=== Problem description ===
Please write out the lines of the data exactly, beginning with the first and ending with the line containing "a living room"; leave the pictures behind.

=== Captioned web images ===
───
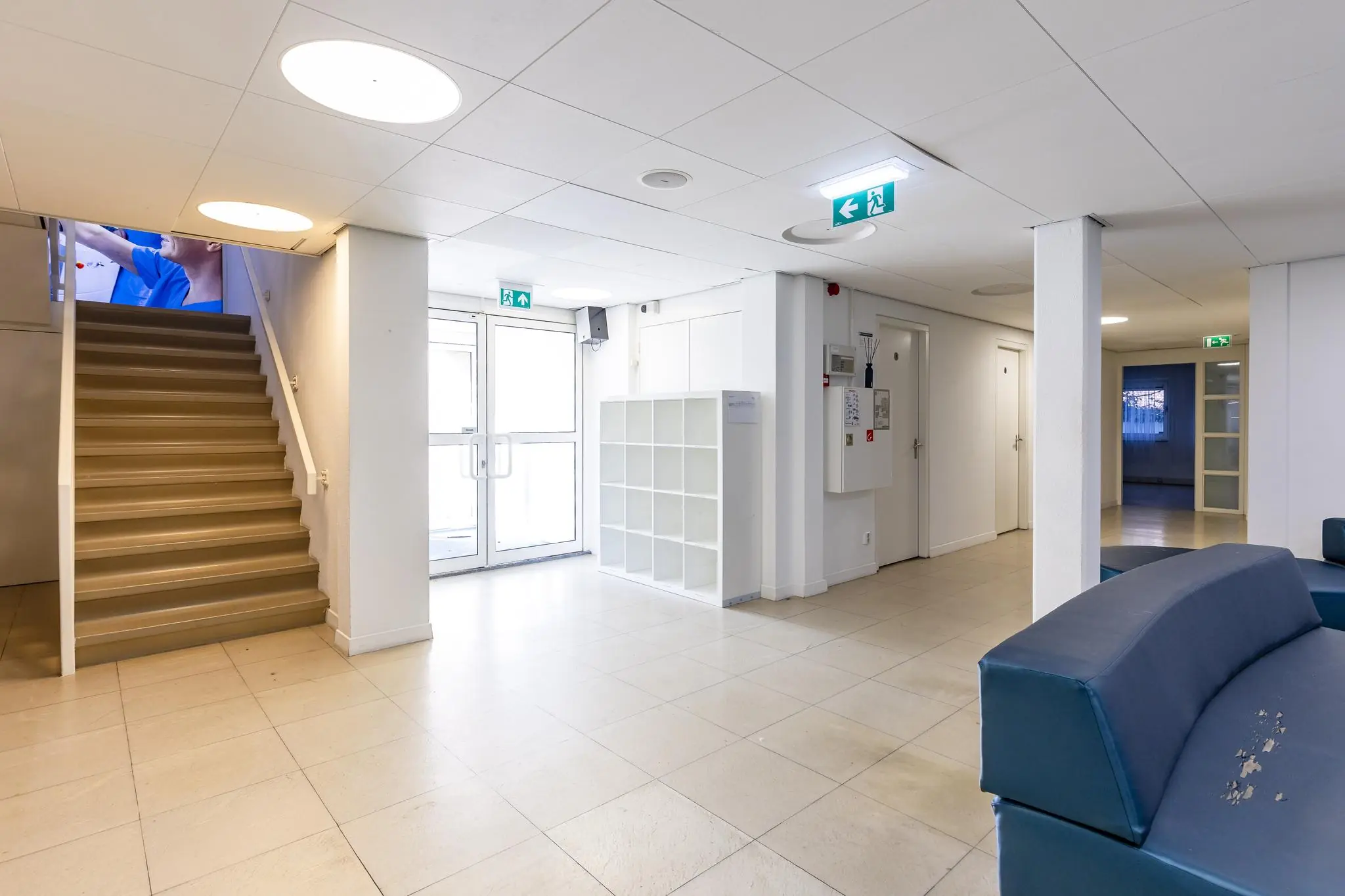 Moderne, lichte entreehal van een gebouw aan de 's-Gravenweg met trap, zitbanken en opbergvakken.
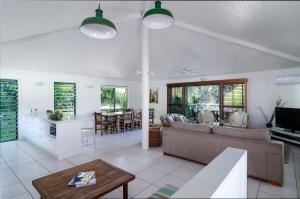 a living room filled with furniture and a tv at The Retreat Beach Houses in Peregian Beach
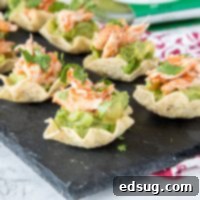 Zesty Avocado Chicken Poppers 6 Guacamole Chicken Bites - A delightful and easy chicken appetizer for any gathering, featuring creamy guacamole, spicy salsa chicken, and fresh cilantro on crunchy tortilla scoops.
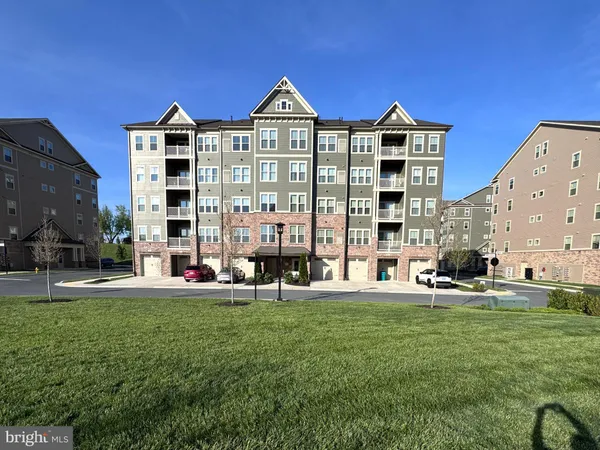 a front view of building with yard and green space
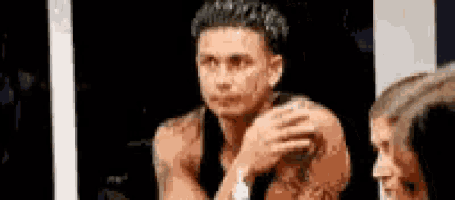 a shirtless man is sitting in front of a mirror with a woman behind him .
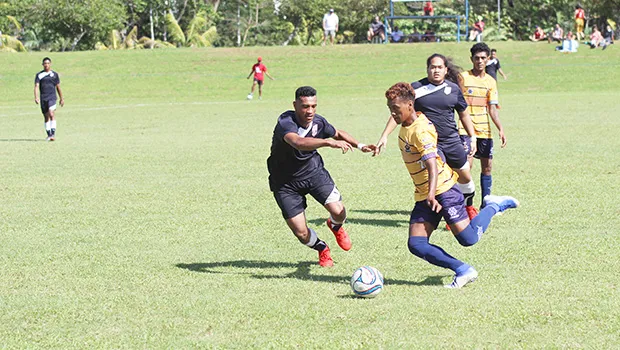 Takai Pouli of American Samoa defends against a Tuvalu opponent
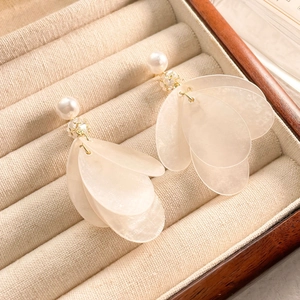 White shell petal tassel earrings with pearls and gold accents in a beige jewelry box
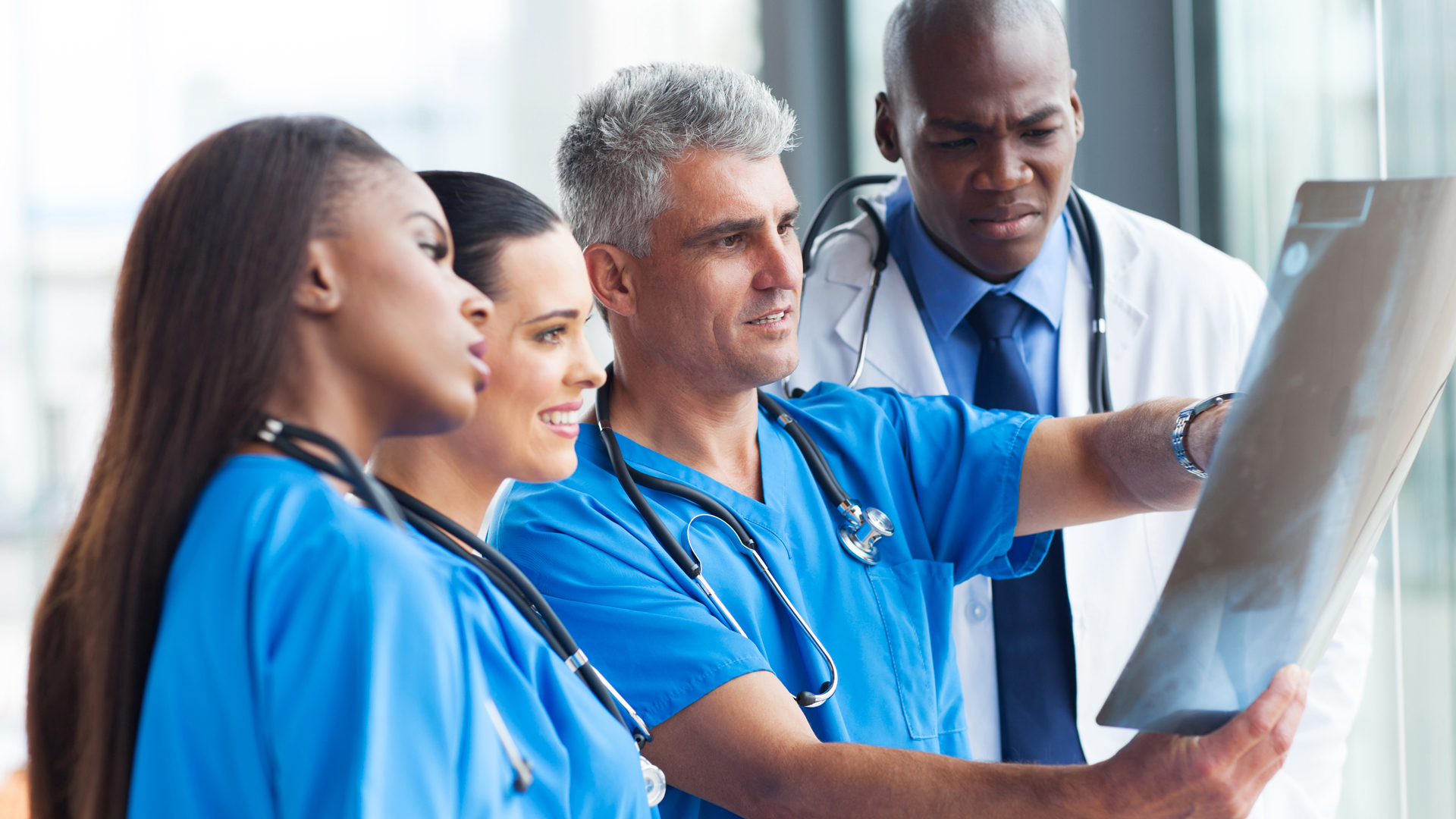 Radiology directory page with doctors looking at the x-ray results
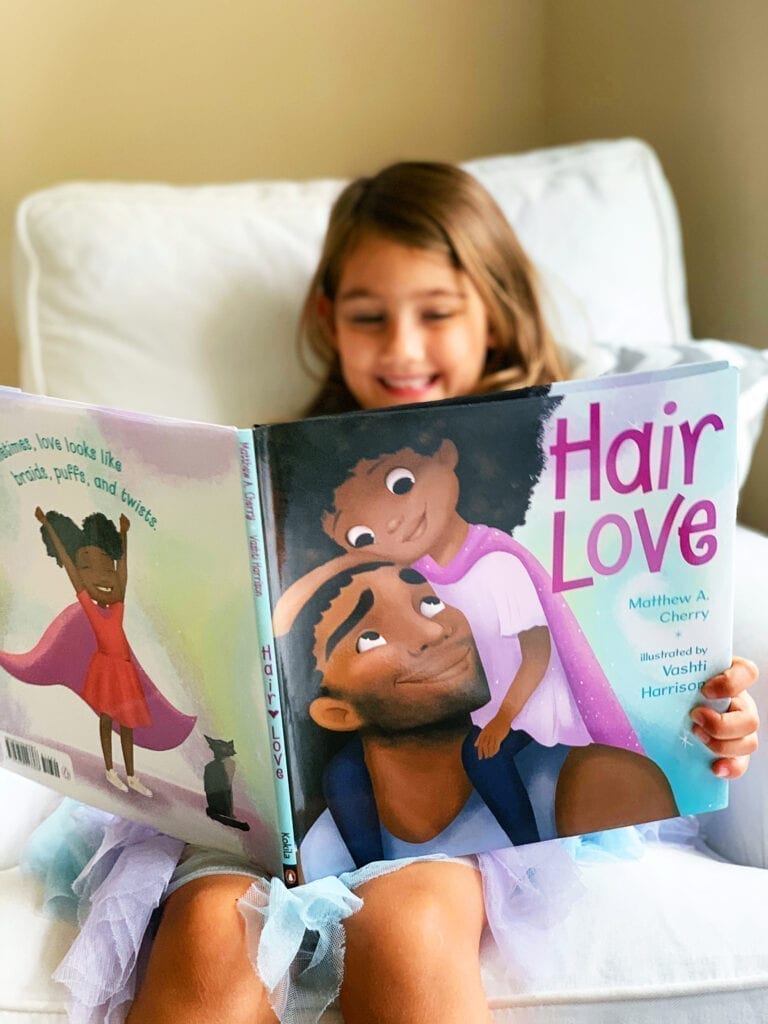 Girl reading Hair Love mentor text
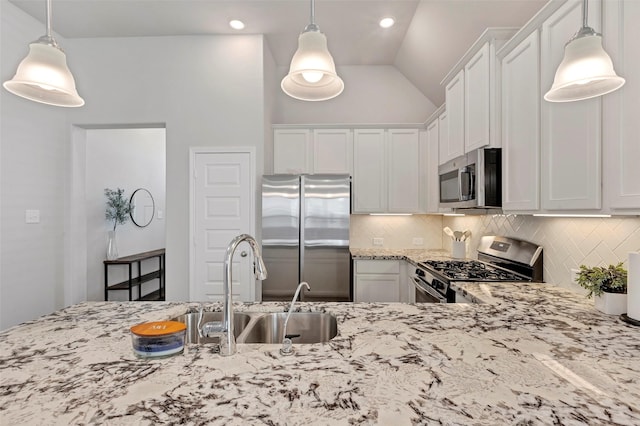 kitchen featuring white cabinets, appliances with stainless steel finishes, hanging light fixtures, and sink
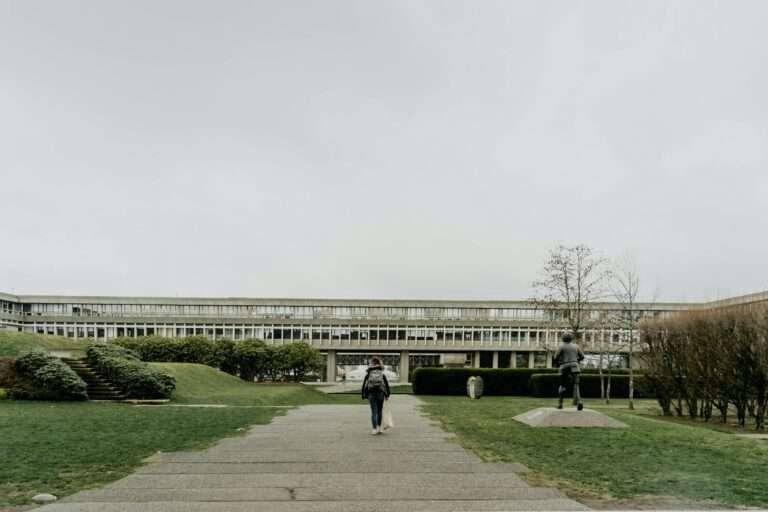 a girl is going to a building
───
=== Solution to this task ===
 Moderne, lichte entreehal van een gebouw aan de 's-Gravenweg met trap, zitbanken en opbergvakken.
 a living room filled with furniture and a tv at The Retreat Beach Houses in Peregian Beach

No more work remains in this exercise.